The planned mall is the second in the Washington area for DeBartolo, which owns and operates dozens of major shopping centers around the nation. DeBartolo is currently developing a mall at the Bowie New Town Center project in Maryland.
Within a 25-mile radius of the future site of the William Center Mall, there are already three existing shopping centers, a fourth under construction and a fifth in the planning stage. Local retailing officials say William Center's main competitor is likely to be the 1.4-million-square-foot Fair Oaks mall at the intersection of Rte. 50 and I-66, which has 213 stores, including Hecht's, Woodward & Lothrop, Garfinckel's, Lord & Taylor, Sears, and J.C. Penney outlets.
DeBartolo and Hazel-Peterson officials said they expect their new mall to serve as "an enviable interceptor" to traffic that otherwise would be headed to Fair Oaks and other nearby shopping centers.
Gil Brooker, general manager of Fair Oaks, said he believed the area will be able to support both malls. The more the competition, the greater the choice consumers will have, he said.
"I think it all depends on the quality of stores in the center," Brooker said. "We know that we have quality here and that we have a broad selection of stores that serves all segments of the consumer market."
Sokolov said, "We feel we're far enough away from Fair Oaks for our project to work."
Tysons Corner Shopping Center and the new Tyson II mall, as well as the planned Dulles Town Center (formerly Windmill) regional shopping center being developed by Lerner Cos. at Rtes. 7 and 28 in Loudoun County also are expected to provide competition for the new mall. In addition, Potomac Mills, a 1.3 million-square-foot discount retail shopping center, is located in Prince William County off I-95 in Woodbridge -- about 20 miles south of William Center.
The planned mall will tap into one of the Washington area's fastest-growing counties. Prince William had an average family income of $44,889 and a population of more than 200,000 last year. The county's population is projected to reach 240,000 by 1990 and more than 300,000 by the year 2000, according to county officials.
The rapid growth, however, isn't sitting well with many local residents and Civil War history buffs, who have opposed William Center since Hazel/Peterson officials first suggested the project as an office and residential complex two years ago. Many residents said they fear that William Center will destroy an area known for its rich farmlands and grassy battlefields.

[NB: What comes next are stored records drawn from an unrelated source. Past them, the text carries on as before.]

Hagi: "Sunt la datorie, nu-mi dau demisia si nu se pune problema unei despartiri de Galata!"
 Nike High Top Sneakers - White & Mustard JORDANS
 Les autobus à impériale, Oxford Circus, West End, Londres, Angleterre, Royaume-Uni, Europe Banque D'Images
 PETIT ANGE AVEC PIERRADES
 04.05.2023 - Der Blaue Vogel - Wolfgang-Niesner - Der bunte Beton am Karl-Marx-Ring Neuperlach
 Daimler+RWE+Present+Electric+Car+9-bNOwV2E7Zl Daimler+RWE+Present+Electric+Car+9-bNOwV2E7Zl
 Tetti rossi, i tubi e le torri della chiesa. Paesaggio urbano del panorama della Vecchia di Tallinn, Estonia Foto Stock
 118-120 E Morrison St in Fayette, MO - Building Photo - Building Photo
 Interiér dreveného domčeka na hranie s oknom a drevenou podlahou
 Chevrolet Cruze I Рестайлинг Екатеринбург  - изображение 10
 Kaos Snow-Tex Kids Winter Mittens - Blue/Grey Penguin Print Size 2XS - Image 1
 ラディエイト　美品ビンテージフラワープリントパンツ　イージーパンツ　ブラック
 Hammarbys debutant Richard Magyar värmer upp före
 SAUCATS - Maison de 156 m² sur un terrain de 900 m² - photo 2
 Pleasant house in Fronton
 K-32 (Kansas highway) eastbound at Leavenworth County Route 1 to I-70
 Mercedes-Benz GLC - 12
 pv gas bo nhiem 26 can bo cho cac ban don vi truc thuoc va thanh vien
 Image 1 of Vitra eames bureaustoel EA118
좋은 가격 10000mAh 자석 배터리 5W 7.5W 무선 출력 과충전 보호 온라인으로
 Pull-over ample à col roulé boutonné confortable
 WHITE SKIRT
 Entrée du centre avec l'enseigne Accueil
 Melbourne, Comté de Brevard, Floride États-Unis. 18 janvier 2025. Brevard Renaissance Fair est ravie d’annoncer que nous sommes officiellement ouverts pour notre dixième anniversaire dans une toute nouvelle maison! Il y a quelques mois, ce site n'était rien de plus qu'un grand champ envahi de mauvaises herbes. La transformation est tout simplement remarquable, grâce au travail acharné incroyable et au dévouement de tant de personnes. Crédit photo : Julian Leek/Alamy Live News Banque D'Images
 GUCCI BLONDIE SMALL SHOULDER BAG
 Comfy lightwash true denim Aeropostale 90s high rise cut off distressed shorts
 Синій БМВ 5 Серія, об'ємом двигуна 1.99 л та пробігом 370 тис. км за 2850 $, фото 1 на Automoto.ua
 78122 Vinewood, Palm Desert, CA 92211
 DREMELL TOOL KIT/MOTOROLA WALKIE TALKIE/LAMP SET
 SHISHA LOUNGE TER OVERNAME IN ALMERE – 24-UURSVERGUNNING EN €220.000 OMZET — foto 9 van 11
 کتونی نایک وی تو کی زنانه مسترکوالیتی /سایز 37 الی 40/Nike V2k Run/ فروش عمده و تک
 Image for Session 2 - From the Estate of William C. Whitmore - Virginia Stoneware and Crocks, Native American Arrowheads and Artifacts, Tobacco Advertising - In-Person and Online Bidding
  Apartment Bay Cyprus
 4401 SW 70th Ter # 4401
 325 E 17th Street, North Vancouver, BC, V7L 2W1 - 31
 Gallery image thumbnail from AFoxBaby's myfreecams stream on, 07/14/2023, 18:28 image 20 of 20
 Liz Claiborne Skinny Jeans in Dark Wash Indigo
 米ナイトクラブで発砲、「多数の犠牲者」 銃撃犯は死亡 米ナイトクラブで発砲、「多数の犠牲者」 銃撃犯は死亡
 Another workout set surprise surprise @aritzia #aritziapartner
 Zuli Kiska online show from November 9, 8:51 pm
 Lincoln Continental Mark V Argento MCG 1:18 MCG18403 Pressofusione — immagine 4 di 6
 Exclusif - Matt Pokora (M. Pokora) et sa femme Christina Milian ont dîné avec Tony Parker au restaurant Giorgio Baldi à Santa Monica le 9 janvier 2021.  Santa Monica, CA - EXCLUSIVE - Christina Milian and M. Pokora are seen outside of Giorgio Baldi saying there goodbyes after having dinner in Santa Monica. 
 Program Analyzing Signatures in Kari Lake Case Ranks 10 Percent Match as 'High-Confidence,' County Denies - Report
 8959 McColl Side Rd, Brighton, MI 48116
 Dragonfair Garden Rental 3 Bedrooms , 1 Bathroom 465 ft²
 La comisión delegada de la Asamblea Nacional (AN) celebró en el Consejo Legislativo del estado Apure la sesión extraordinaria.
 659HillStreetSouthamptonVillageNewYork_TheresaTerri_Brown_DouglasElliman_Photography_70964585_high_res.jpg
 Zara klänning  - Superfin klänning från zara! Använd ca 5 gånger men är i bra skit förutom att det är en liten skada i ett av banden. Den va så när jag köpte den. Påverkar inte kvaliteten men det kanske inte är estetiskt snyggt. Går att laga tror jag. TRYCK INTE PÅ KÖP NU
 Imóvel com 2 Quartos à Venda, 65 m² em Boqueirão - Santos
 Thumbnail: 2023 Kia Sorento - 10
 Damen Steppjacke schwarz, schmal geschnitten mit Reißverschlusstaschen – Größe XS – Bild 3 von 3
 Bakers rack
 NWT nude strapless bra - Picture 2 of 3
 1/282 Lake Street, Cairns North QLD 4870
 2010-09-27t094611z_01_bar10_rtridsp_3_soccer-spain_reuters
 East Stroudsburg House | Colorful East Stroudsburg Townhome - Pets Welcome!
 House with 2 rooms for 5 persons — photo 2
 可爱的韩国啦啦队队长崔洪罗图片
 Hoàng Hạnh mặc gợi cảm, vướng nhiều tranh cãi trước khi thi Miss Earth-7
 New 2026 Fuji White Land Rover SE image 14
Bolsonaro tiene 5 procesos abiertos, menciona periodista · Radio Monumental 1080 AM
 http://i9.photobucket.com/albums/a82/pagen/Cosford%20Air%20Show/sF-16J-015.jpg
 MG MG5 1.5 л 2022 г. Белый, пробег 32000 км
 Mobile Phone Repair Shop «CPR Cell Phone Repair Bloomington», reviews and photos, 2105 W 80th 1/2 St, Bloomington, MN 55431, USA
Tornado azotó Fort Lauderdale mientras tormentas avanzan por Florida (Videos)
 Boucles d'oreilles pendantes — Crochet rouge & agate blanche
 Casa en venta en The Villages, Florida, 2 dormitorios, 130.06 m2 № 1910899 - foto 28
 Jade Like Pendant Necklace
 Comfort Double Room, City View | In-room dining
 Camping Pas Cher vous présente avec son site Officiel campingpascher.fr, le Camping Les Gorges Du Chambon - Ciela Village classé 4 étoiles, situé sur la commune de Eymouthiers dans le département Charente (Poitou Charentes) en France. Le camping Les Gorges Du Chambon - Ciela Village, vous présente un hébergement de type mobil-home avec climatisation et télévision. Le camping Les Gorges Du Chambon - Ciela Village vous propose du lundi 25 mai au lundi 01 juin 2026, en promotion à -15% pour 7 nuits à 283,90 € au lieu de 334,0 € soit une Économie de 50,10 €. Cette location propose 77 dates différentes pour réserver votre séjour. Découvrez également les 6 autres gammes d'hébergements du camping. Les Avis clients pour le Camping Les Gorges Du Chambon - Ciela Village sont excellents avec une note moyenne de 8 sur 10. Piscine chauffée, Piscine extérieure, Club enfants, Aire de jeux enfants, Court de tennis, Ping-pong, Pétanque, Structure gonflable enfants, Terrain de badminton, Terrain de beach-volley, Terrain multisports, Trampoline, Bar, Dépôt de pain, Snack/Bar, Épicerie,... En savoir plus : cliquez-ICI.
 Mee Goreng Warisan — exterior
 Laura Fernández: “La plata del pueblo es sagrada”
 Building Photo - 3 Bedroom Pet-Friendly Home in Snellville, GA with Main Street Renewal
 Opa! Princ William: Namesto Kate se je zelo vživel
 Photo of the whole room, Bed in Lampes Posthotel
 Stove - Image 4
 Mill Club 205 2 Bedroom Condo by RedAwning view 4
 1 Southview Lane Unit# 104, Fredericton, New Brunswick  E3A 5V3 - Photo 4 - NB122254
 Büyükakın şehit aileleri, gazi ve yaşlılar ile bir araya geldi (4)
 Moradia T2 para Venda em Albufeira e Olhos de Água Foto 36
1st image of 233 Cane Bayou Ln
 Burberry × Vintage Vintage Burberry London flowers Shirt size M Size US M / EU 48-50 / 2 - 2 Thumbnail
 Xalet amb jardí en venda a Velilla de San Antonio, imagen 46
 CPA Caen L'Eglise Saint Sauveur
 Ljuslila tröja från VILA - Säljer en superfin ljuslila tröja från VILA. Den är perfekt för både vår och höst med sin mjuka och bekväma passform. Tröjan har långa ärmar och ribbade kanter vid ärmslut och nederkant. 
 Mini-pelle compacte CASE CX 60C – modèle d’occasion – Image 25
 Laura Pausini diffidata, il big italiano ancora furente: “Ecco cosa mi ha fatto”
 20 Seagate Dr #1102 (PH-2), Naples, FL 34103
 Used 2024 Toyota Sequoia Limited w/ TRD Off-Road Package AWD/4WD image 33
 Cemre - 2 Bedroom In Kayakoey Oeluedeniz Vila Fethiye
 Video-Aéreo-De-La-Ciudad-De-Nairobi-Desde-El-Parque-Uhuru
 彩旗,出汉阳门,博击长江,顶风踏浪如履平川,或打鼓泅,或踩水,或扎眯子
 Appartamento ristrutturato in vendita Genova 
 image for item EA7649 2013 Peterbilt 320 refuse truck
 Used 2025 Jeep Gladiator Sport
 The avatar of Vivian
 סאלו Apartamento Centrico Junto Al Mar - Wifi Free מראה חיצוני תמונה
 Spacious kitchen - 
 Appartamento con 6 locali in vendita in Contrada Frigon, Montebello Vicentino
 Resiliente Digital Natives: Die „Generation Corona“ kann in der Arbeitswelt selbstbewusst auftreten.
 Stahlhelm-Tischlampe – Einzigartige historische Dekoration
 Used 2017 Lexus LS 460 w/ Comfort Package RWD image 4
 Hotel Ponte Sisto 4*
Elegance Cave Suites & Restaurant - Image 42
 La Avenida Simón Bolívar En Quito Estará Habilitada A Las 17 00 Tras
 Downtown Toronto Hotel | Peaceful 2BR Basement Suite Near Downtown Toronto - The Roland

"It would destroy western Prince William and it would destroy the battlefield," said Annie D. Snyder, a leading civic activist who lives near William Center. "How long do you think this rural area could survive the influx of all those people who would come with a mall? ... We'll fight it with everything we've got."
Neighbors of the planned project also complained yesterday that they were not aware that Hazel/Peterson had planned a shopping mall for the site.
"I feel we've been deceived," said Philomena Hefter, a western Prince William resident.
John T. (Til) Hazel, an owner of Hazel/Peterson, said yesterday that his firm had been trying to attract a major corporate headquarters to the property, but recently decided that a mall was needed as a "catalytic agent" to attract corporate offices on the remaining acreage at William Center.
"That's been the history of malls all over the country -- that they bring along offices," Hazel said.
Disgruntled county residents may have no opportunity to challenge the shopping center, however. The William Center property was rezoned by the Board of County Supervisors in 1986, shortly after Hazel/Peterson purchased the land, and county officials said yesterday that the site plan filed by Hazel-Peterson yesterday must be approved only by the county's Department of Development Administration. No public hearings or additional action by the supervisors are expected, the officials said.